Your answer should consist of each line below that contains the string "High".

• [Source material]

____________

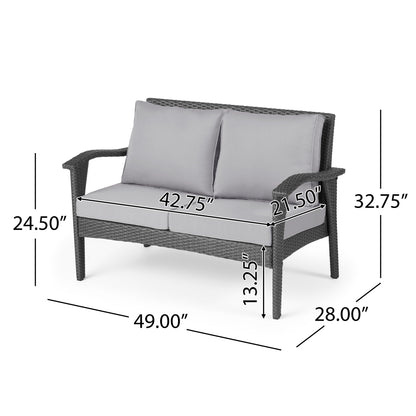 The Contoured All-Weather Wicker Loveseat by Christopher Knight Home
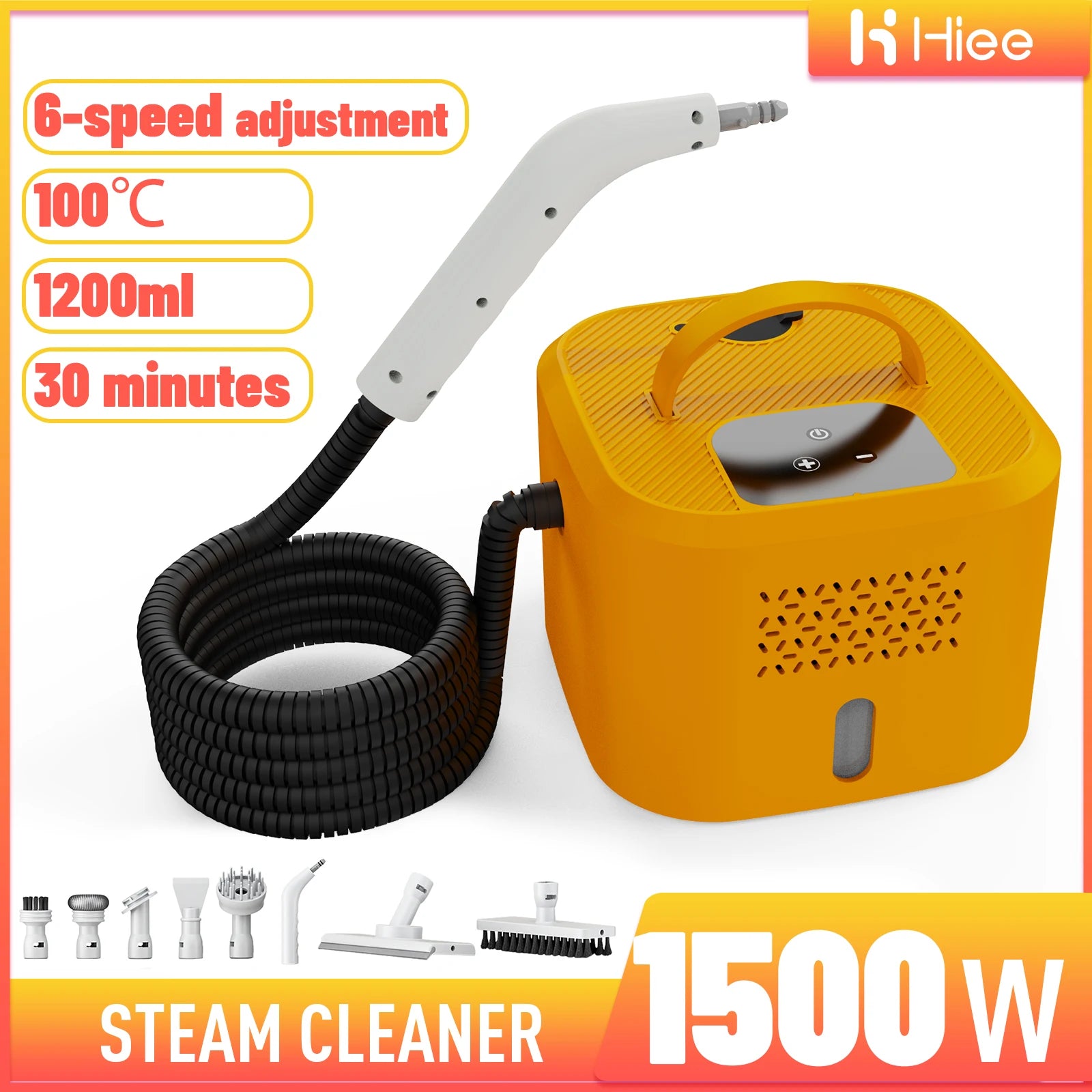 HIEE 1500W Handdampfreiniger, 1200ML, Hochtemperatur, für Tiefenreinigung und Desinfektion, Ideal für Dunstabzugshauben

____________

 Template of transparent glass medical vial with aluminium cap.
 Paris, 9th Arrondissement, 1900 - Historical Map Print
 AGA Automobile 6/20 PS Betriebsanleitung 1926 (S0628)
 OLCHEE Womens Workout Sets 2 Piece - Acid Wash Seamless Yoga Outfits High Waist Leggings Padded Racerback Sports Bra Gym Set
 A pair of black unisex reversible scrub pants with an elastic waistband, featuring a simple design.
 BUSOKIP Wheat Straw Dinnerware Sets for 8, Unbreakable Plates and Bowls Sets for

____________

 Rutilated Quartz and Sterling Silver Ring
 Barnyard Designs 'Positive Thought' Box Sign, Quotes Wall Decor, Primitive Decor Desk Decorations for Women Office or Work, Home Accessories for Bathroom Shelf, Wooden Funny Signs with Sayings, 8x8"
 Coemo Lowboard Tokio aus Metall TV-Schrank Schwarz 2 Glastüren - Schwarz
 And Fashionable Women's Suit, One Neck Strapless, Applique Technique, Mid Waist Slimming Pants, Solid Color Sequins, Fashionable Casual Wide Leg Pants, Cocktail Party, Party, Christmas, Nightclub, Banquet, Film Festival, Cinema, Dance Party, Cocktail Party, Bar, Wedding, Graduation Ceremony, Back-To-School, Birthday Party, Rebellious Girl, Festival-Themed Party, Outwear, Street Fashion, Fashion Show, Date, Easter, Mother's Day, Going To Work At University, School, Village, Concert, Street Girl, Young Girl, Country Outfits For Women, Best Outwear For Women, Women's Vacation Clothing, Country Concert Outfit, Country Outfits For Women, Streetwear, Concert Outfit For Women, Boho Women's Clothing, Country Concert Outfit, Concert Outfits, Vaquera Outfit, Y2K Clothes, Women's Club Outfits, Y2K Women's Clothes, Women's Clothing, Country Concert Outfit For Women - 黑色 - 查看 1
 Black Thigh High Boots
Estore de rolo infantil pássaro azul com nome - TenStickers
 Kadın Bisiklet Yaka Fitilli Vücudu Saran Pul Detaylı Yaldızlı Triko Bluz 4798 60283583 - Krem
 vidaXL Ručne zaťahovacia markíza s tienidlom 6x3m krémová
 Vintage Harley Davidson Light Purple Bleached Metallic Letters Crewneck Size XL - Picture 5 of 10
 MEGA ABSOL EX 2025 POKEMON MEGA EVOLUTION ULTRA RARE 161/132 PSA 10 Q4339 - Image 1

____________

• [Result below]
 OLCHEE Womens Workout Sets 2 Piece - Acid Wash Seamless Yoga Outfits High Waist Leggings Padded Racerback Sports Bra Gym Set
 Black Thigh High Boots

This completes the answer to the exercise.